• [Your goal] What is needed is an exact copy of every entry, without the pictures.

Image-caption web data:
----------------

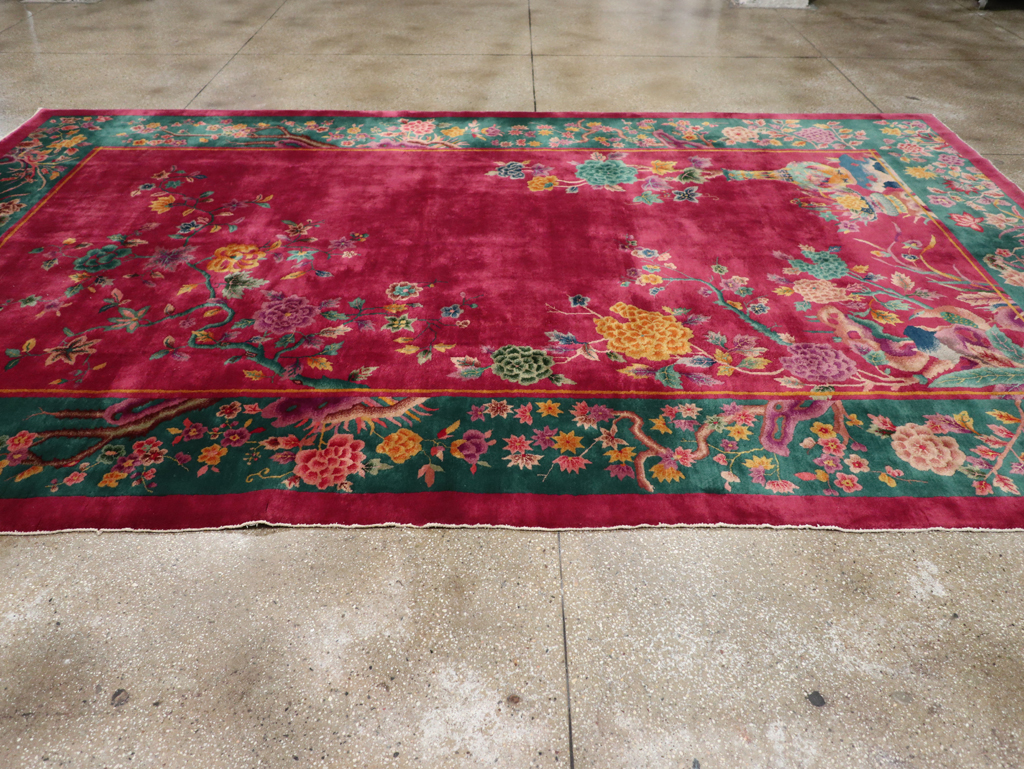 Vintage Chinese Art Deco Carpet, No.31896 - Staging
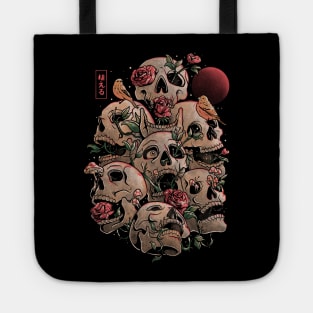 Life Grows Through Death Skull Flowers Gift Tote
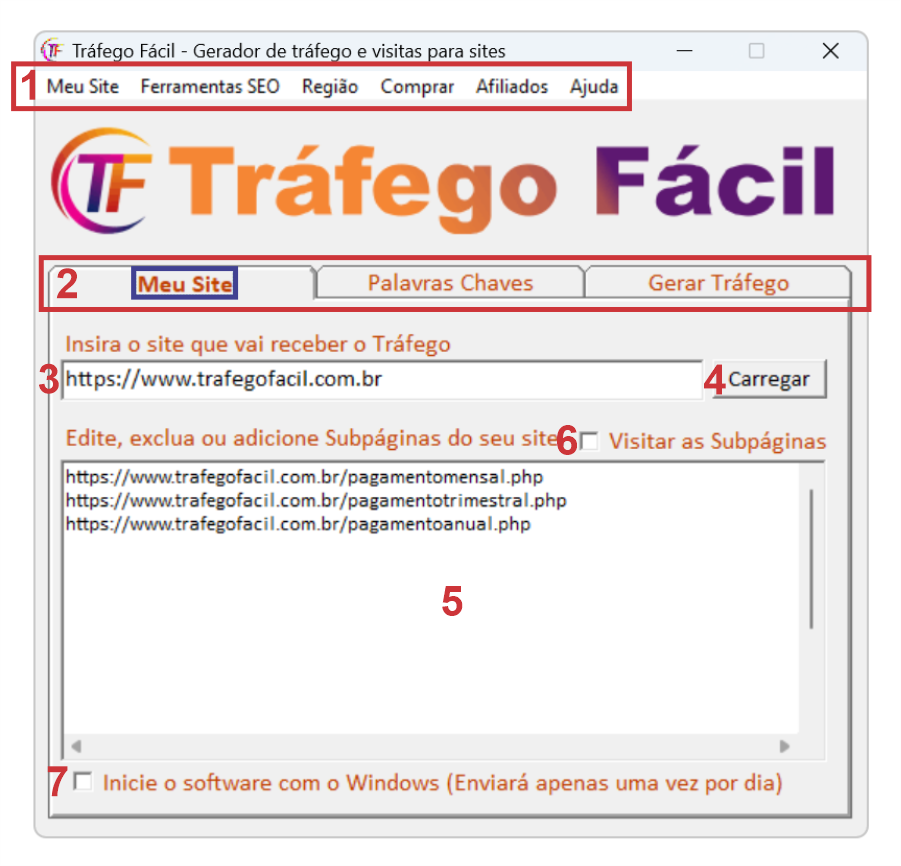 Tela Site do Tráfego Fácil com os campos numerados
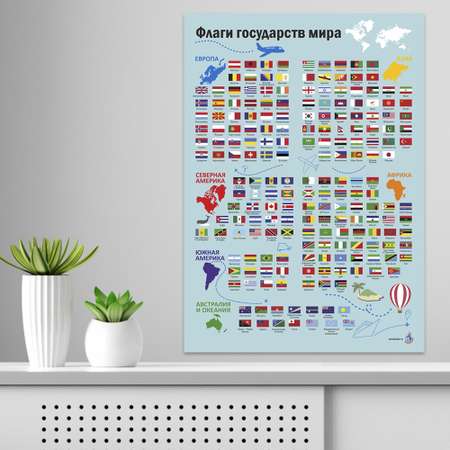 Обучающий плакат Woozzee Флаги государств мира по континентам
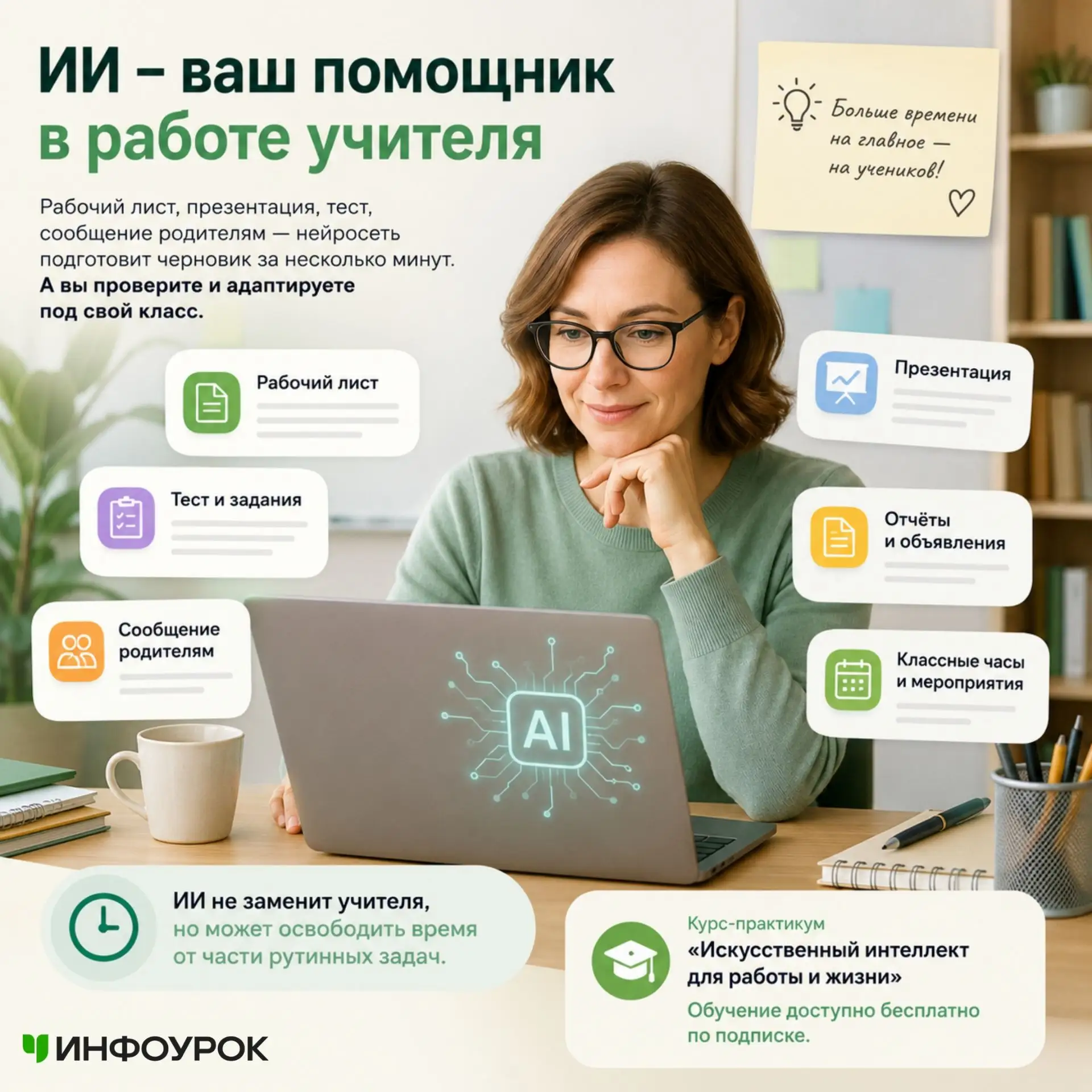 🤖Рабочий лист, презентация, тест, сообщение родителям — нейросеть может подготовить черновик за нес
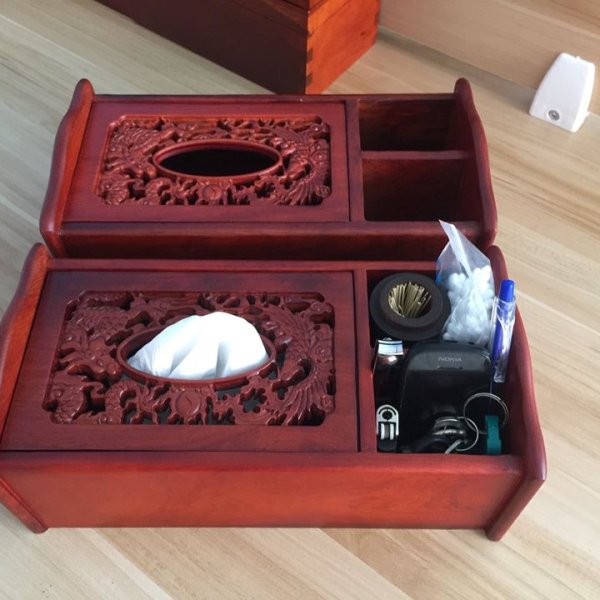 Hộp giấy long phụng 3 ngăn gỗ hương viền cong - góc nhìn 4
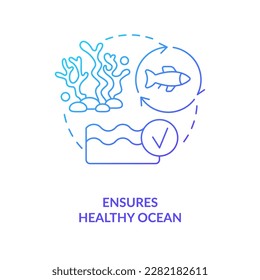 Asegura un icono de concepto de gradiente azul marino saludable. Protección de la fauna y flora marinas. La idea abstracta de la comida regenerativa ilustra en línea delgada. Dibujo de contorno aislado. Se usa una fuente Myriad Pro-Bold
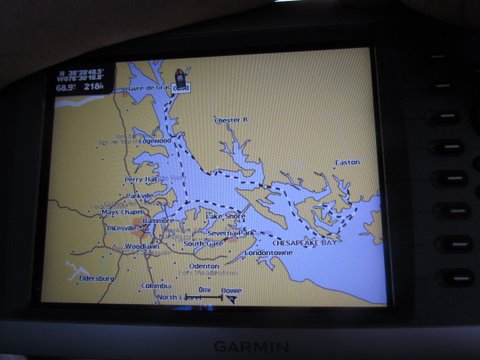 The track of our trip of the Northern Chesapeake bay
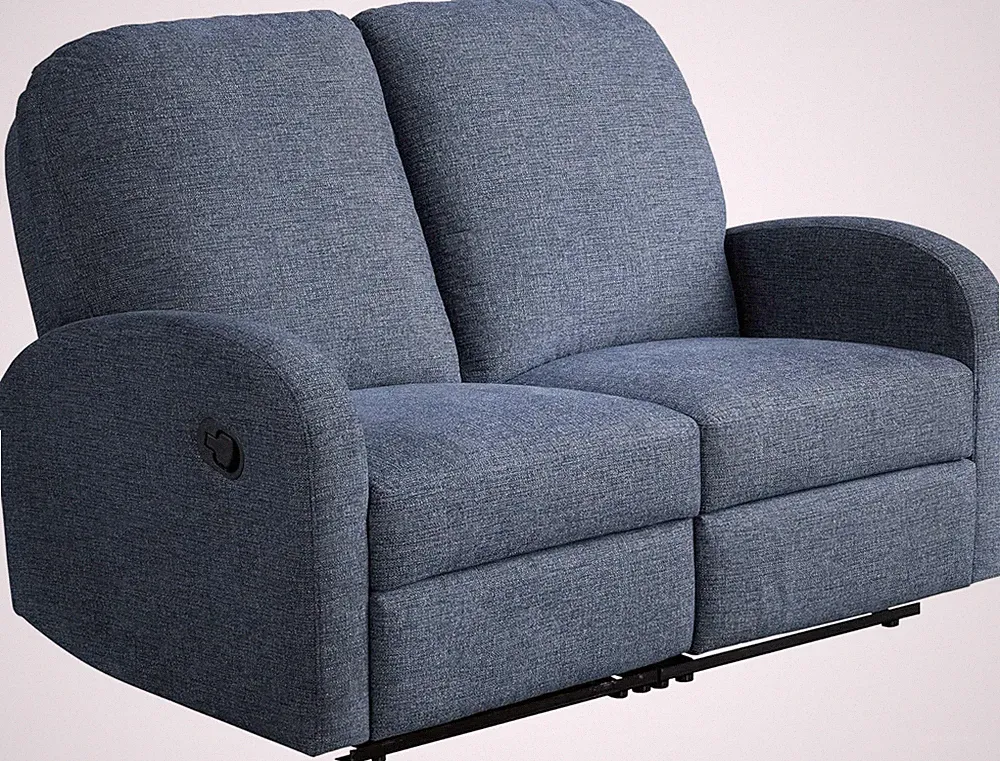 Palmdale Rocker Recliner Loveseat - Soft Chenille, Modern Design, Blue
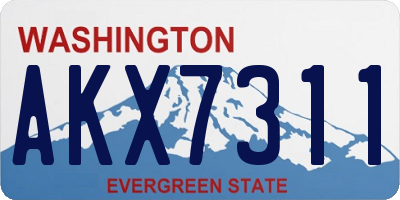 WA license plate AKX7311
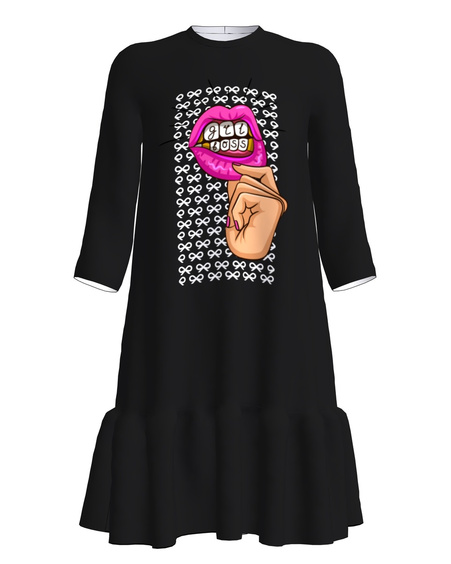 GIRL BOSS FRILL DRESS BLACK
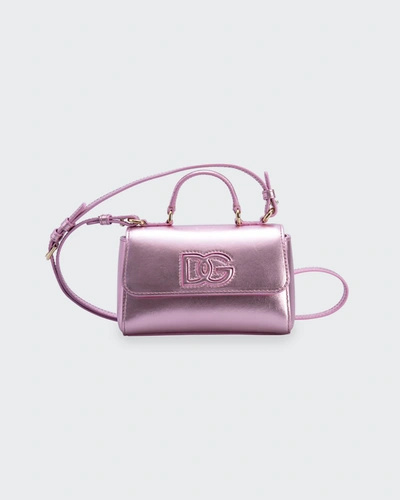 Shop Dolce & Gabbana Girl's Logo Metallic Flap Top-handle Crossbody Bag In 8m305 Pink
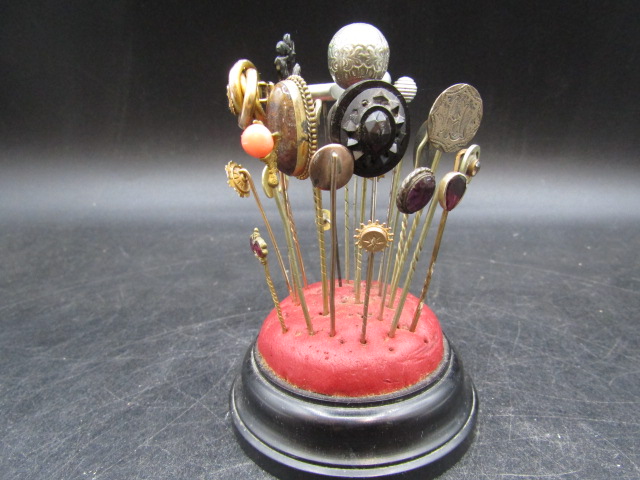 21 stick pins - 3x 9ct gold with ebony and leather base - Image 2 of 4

----------------

• [Response to this exercise]
 Vintage Chinese Art Deco Carpet, No.31896 - Staging
 Life Grows Through Death Skull Flowers Gift Tote
 Tela Site do Tráfego Fácil com os campos numerados
 Обучающий плакат Woozzee Флаги государств мира по континентам
 🤖Рабочий лист, презентация, тест, сообщение родителям — нейросеть может подготовить черновик за нес
 Hộp giấy long phụng 3 ngăn gỗ hương viền cong - góc nhìn 4
 Asegura un icono de concepto de gradiente azul marino saludable. Protección de la fauna y flora marinas. La idea abstracta de la comida regenerativa ilustra en línea delgada. Dibujo de contorno aislado. Se usa una fuente Myriad Pro-Bold
 The track of our trip of the Northern Chesapeake bay
 Palmdale Rocker Recliner Loveseat - Soft Chenille, Modern Design, Blue
 WA license plate AKX7311
 GIRL BOSS FRILL DRESS BLACK
 Shop Dolce & Gabbana Girl's Logo Metallic Flap Top-handle Crossbody Bag In 8m305 Pink
 21 stick pins - 3x 9ct gold with ebony and leather base - Image 2 of 4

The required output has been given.